Hepatorenal Syndrome - Diagnosis

Diagnosis

There can be many causes of kidney failure in individuals with cirrhosis or fulminant liver failure. Consequently, it is a challenge to distinguish hepatorenal syndrome from other entities that cause renal failure in the setting of advanced liver disease. As a result, additional major and minor criteria have been developed to assist in the diagnosis of hepatorenal syndrome.

The major criteria include liver disease with portal hypertension; renal failure; the absence of shock, infection, recent treatment with medications that affect the function of the kidney (nephrotoxins), and fluid losses; the absence of sustained improvement in renal function despite treatment with 1.5 litres of intravenous normal saline; the absence of proteinuria (protein in the urine); and, the absence of renal disease or obstruction of renal outflow as seen on ultrasound.

The minor criteria are the following: a low urine volume (less than 500 mL (18 imp fl oz; 17 US fl oz) per day), low sodium concentration in the urine, a urine osmolality that is greater than that in the blood, the absence of red blood cells in the urine, and a serum sodium concentration of less than 130 mmol/L.

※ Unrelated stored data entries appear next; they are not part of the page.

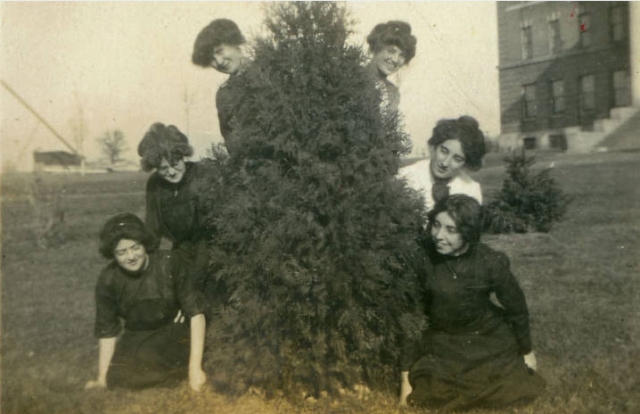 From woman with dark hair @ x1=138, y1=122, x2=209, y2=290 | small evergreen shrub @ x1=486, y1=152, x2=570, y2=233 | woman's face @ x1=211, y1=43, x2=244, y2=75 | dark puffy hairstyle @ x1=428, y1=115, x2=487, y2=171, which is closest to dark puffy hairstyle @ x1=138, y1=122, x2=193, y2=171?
woman with dark hair @ x1=138, y1=122, x2=209, y2=290

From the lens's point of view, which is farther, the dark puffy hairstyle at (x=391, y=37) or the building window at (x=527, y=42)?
the building window at (x=527, y=42)

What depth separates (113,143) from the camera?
5.43m

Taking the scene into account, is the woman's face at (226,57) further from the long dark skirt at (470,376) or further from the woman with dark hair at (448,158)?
the long dark skirt at (470,376)

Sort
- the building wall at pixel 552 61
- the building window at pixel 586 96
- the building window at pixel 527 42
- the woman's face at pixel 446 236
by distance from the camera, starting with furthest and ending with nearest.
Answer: the building window at pixel 527 42
the building window at pixel 586 96
the building wall at pixel 552 61
the woman's face at pixel 446 236

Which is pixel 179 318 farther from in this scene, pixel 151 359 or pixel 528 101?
pixel 528 101

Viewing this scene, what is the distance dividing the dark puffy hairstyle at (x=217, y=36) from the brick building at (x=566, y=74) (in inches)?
134

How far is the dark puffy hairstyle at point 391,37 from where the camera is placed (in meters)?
4.20

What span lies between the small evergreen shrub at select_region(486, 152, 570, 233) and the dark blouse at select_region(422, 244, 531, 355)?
357cm

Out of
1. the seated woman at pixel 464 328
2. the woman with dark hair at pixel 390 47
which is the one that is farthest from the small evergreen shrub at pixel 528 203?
the seated woman at pixel 464 328

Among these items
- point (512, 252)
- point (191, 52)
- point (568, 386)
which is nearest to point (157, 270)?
point (191, 52)

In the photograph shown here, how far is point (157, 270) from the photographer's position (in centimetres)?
399

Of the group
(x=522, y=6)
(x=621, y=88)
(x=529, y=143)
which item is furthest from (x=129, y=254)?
(x=522, y=6)

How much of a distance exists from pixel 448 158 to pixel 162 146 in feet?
6.58

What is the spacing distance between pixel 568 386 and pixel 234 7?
3.64 meters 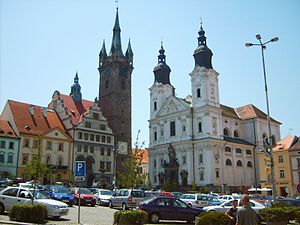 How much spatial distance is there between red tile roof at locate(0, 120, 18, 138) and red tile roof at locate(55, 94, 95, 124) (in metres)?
12.1

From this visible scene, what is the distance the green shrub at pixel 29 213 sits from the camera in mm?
16062

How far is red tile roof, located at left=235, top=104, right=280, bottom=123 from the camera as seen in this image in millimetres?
78981

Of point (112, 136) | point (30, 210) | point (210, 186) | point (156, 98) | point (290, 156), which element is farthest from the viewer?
point (156, 98)

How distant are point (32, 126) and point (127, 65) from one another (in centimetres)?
3510

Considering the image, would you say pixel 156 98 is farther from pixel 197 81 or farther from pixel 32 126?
pixel 32 126

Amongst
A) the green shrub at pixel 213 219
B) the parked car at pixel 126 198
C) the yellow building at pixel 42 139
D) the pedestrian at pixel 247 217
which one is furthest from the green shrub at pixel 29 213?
the yellow building at pixel 42 139

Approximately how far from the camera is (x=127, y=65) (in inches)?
3460

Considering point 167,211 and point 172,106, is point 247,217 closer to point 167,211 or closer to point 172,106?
point 167,211

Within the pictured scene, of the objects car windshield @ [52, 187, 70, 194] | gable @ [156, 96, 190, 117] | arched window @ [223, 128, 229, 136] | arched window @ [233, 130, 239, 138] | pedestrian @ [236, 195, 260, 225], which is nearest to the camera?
pedestrian @ [236, 195, 260, 225]

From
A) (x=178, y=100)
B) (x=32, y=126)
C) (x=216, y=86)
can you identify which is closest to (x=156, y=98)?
(x=178, y=100)

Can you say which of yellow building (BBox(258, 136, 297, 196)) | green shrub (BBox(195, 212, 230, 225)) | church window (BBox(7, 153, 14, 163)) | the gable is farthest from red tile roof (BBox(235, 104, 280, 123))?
green shrub (BBox(195, 212, 230, 225))

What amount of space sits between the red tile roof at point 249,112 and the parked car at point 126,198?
5510 cm

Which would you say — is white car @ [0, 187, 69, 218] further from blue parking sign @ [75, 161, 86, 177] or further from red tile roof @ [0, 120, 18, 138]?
red tile roof @ [0, 120, 18, 138]

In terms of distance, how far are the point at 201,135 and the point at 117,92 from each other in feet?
81.4
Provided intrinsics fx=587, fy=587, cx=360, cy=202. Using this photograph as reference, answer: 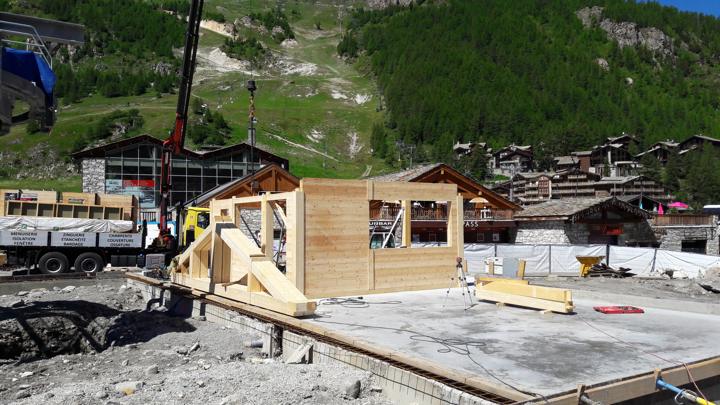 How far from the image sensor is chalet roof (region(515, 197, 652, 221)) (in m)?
35.9

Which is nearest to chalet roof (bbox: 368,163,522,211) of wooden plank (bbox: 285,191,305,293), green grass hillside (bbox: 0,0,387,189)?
wooden plank (bbox: 285,191,305,293)

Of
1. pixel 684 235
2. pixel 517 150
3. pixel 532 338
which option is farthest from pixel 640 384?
pixel 517 150

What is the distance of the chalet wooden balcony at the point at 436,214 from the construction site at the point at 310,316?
1146 centimetres

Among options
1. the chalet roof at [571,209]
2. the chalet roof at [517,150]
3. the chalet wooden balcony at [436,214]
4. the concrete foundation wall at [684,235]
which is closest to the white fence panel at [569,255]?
the chalet roof at [571,209]

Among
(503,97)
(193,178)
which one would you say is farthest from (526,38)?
(193,178)

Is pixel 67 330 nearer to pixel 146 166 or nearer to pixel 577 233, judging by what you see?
pixel 577 233

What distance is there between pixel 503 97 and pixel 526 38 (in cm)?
5066

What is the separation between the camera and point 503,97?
5709 inches

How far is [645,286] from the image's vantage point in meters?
23.2

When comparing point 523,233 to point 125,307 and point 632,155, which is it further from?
point 632,155

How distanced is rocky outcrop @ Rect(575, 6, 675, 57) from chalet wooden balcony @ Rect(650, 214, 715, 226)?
15750cm

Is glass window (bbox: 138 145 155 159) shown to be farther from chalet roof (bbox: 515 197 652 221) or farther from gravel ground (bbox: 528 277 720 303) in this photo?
gravel ground (bbox: 528 277 720 303)

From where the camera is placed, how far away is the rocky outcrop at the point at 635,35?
18288cm

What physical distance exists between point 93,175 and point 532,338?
48318 mm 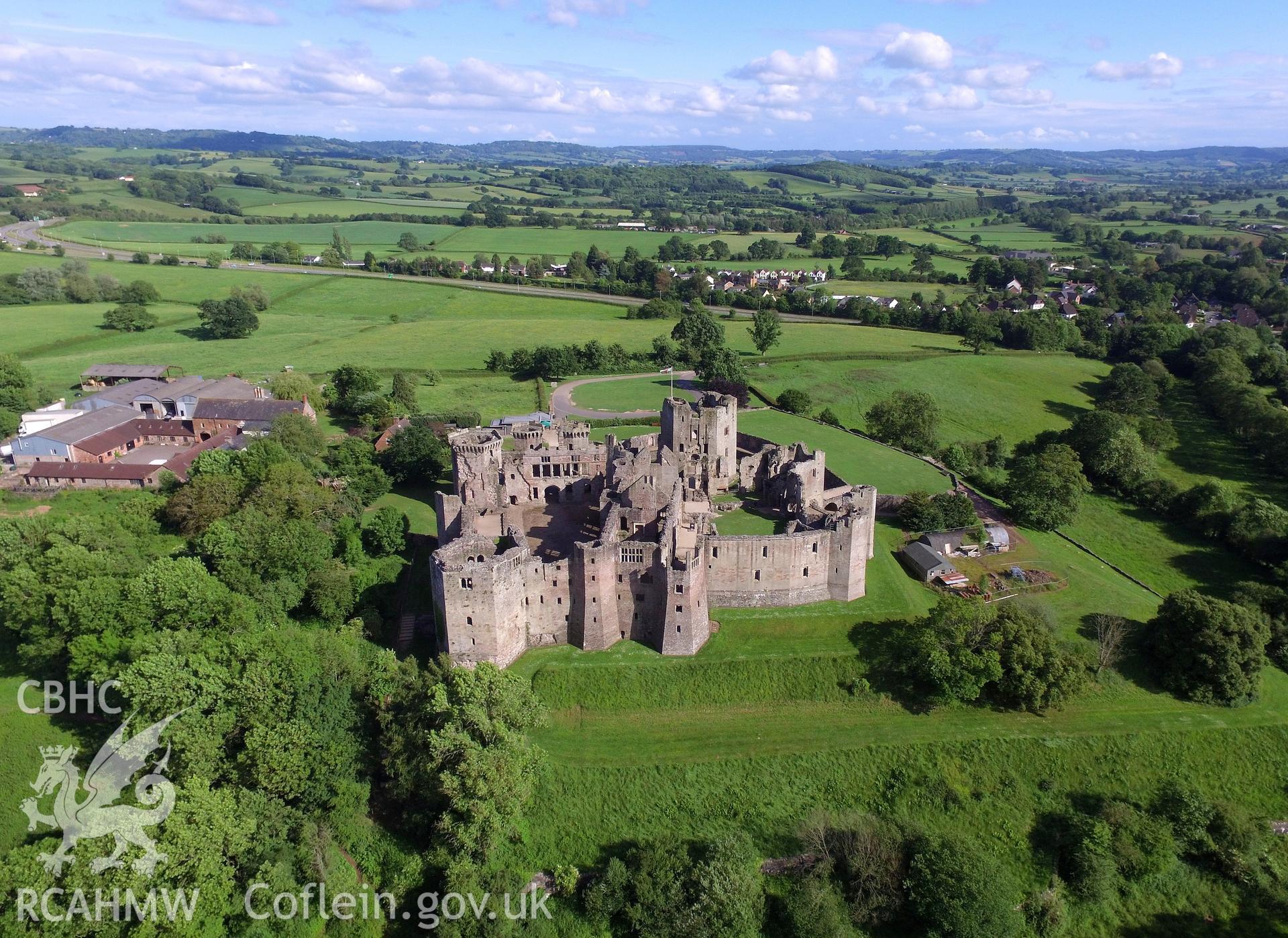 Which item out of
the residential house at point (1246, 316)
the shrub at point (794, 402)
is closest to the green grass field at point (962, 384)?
the shrub at point (794, 402)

Many other diseases of the kidney are associated with liver disease and must be excluded before making a diagnosis of hepatorenal syndrome. Individuals with pre-renal failure do not have damage to the kidneys, but as in individuals with HRS, have renal dysfunction due to decreased blood flow to the kidneys. Also, similarly to HRS, pre-renal failure causes the formation of urine that has a very low sodium concentration. In contrast to HRS, however, pre-renal failure usually responds to treatment with intravenous fluids, resulting in reduction in serum creatinine and increased excretion of sodium. Acute tubular necrosis (ATN) involves damage to the tubules of the kidney, and can be a complication in individuals with cirrhosis, because of exposure to toxic medications or the development of decreased blood pressure. Because of the damage to the tubules, ATN affected kidneys usually are unable to maximally resorb sodium from the urine. As a result, ATN can be distinguished from HRS on the basis of laboratory testing, as individuals with ATN will have urine sodium measurements that are much higher than in HRS; however, this may not always be the case in cirrhotics. Individuals with ATN also may have evidence of hyaline casts or muddy-brown casts in the urine on microscopy, whereas the urine of individuals with HRS is typically devoid of cellular material, as the kidneys have not been directly injured. Some viral infections of the liver, including hepatitis B and hepatitis C can also lead to inflammation of the glomerulus of the kidney. Other causes of renal failure in individuals with liver disease include drug toxicity (notably the antibiotic gentamicin) or contrast nephropathy, caused by intravenous administration of contrast agents used for medical imaging tests.